THE PROBLEM: Only a number is wanted here: the count of lines in the entries below that include the word "Black".

------------

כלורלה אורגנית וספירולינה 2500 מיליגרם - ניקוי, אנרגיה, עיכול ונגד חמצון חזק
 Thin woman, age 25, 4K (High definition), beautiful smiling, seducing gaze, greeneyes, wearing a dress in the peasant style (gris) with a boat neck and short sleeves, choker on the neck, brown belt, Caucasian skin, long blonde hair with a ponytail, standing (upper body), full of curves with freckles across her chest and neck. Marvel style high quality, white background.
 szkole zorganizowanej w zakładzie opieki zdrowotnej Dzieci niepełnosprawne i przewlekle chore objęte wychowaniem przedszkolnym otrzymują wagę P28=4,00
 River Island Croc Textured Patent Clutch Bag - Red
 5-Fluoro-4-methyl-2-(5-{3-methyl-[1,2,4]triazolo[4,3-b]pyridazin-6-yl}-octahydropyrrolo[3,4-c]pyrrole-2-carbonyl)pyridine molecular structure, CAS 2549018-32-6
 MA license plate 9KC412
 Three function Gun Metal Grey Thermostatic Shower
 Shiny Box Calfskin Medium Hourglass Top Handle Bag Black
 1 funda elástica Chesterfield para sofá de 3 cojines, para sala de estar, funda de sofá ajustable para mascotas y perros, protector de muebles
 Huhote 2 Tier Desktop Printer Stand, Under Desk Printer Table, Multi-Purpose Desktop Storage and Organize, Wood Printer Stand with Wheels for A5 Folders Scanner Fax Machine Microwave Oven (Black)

------------

ANSWER TO THIS EXERCISE: 2